The problem with this one? The man has too much teeth. Now I know what you’re thinking – Does that sentence make sense? He should have written “too many teeth”. But here’s what I’m saying. He probably doesn’t have a greater number of teeth than a human version of him would have (although maybe he’s like a shark with rows and rows of them). What I’m saying is that the sheer volume of teeth is overwhelming. His tooth density per unit mouth is just way too high. Here’s a nice standup routine to explain why that’s a bad thing.
Okay, so Cam Newton just can’t thug it out hard enough. He’s gotta thug it out a little bit harder. But in general, it’s not a good idea to do pretend to be Superman. Here’s what Dane Cook has to say.
Okay, so even while he’s not sufficiently able to thug it out, he could be shot for his efforts. Sounds like a bad celebration. My other problem with this dance is that it’s a ripoff, and a poor one at that. The former Lions’ own Shaun Rogers used to perform a much better version of the Superman celebration. Unfortunately, the internet has erased all evidence of this except for a single picture that I found.
This was a nice version of it, where he’d begin by flicking off a few buttons and then violently rip the rest of the shirt off. I have to think this is exactly what Superman in a hurry would look like (plus a few pounds). Cam, on the other hand, is clearly doing it to pose rather than to celebrate through actions. It’s an insult to the true celebrations out there. And to think, this isn’t even Shaun Rogers’s best dance…

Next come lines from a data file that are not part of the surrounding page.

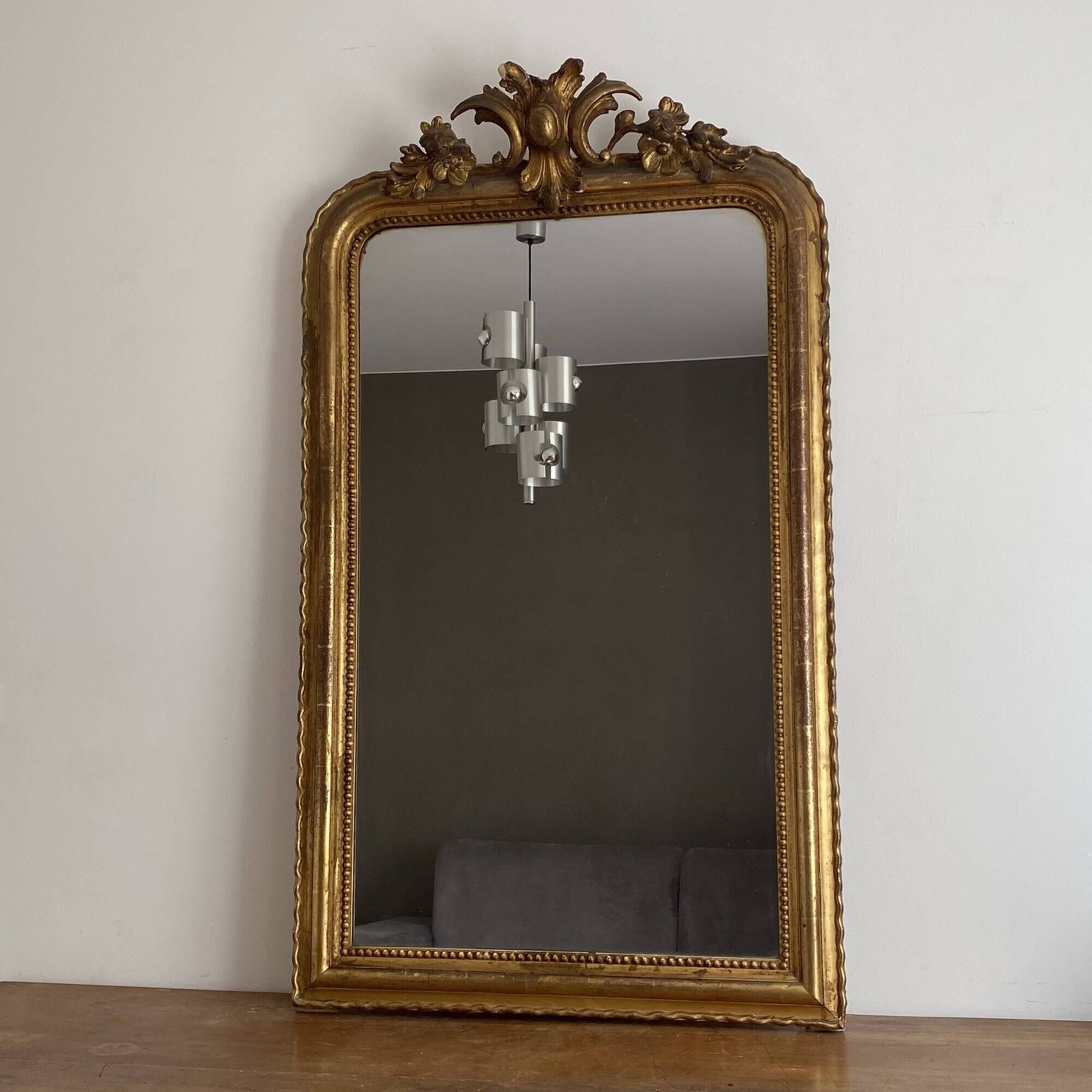 Golden mirror from the late 19th century with a decorated pediment. 130x74.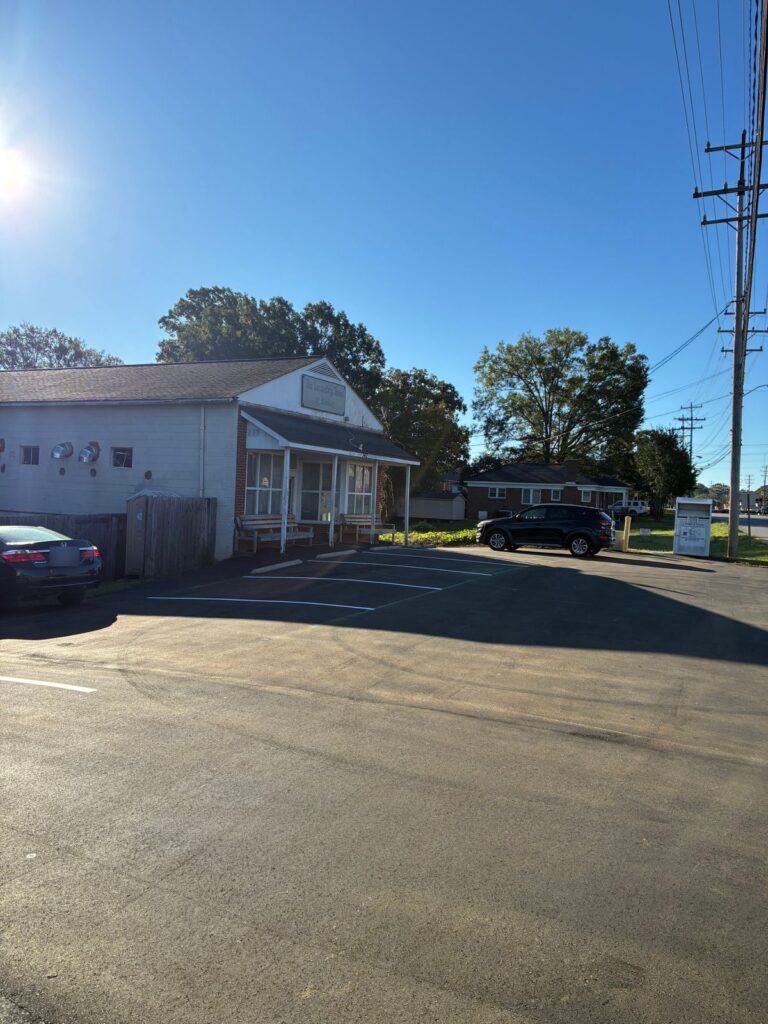 Newly paved and striped parking lot in front of The Laundry Room of Stanley in Stanley, NC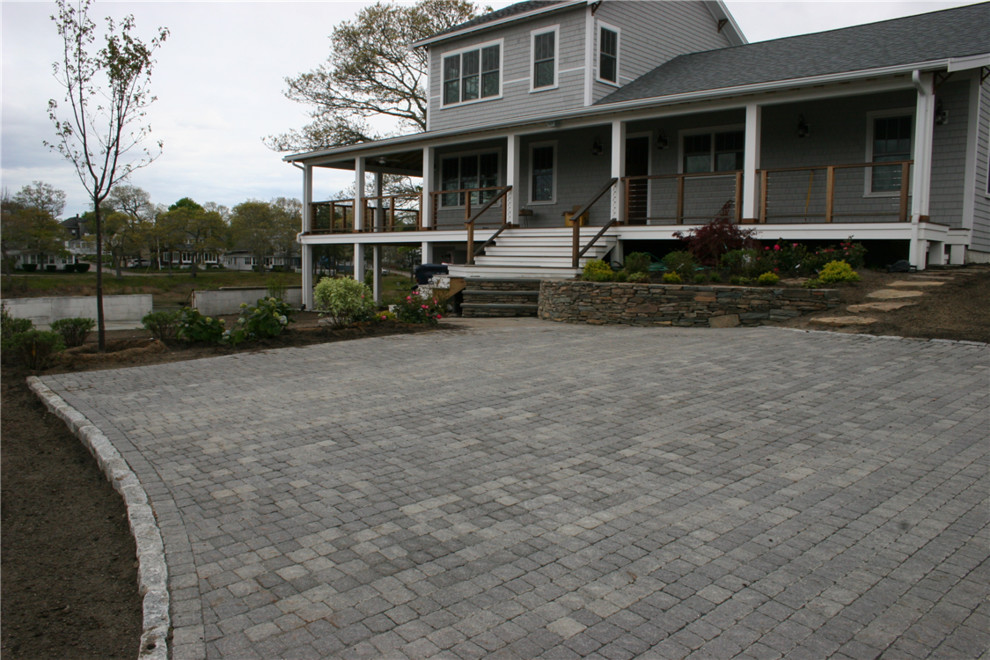 Design ideas for a large traditional front yard concrete paver retaining wall landscape in Boston.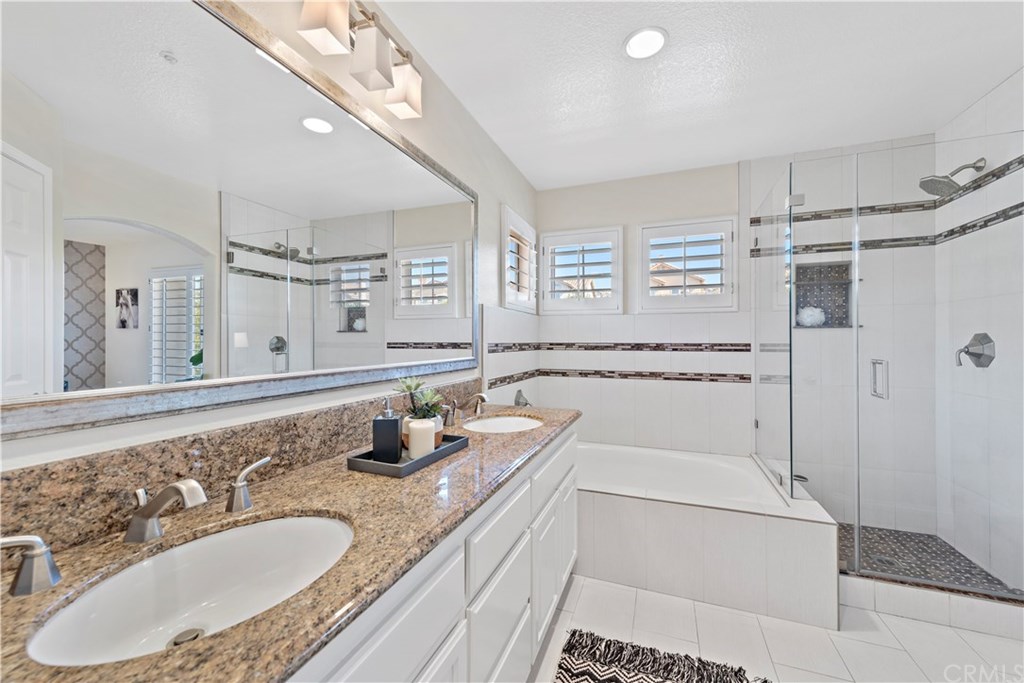 43 Cassis Dana Point, CA 92629 - Photo 10 of 41 a bathroom with a granite countertop sink mirror and shower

Okay, on to the “champ.” Here’s a video of the dance.
Whenever I’ve seen this, I can’t help but think, he definitely stole this from someone whose name is a lot more awesome than his, right? Someone with a name like Iron Sheik or Gorilla Monsoon or The Undertaker. So I did some digging. I have come to learn the tricks of the internet. However much they want to throw you off the trail with things like the “Celebration Ostomy Support Belt”, I can still manage to prove my point. I’ll start out slow – a football-related robbery. On the famous 4th-and-26 play (it has its own Wikipedia page) where Donovan McNabb completed a pass to Freddie Mitchell, FredEx (more awesome name than Aaron Rodgers) celebrated with the championship belt. Click the link and you’ll see a video. If you checked out the Wikipedia page, you’ll notice that this celebration predated Rodgers’s entire NFL career. This seems like a moment Aaron Rodgers wouldn’t want to remind Packers fans of considering it knocked them out of the playoffs. So this has been done before. But it doesn’t stop there. Clearly, this motion originated in some way with boxing/wrestling/martial arts given that they generally have big belts. I knew I had seen this motion in UFC footage, but couldn’t place it. After days of searching, I finally stumbled across it. George Rush St. Pierre (obviously he’s Canadian and his name is still way more awesome than Aaron Rodgers) performed this maneuver after defeating Josh Koscheck (the guy that looks like a muppet and/or Bob Ross).
Here’s a video if the entire fight in case you want the proof (the belting begins at 19:44). For those that don’t care to watch modern day wrasslin’, here’s a blurry screenshot.
This is the only photo or video evidence I could find of the belt celebration. Maybe next week I’ll prove that the loch ness monster exists. I’m that good.
On a more technical note, I do have to give Rodgers credit for execution. Personally, I liked this celebration until the Packers started to matter to the Lions as division rivals. Now, all bets are off. I can’t stand it. And this dance isn’t without criticism. Mike McCarthy (Packers head coach) thought it was a sexual gesture for a while.
All in all, hopefully the Lions turn Cam Newton into a Superbleeder and make Aaron Rodgers cry like Rampage Jackson (much more awesome name than Aaron) when they smash him and take his belt.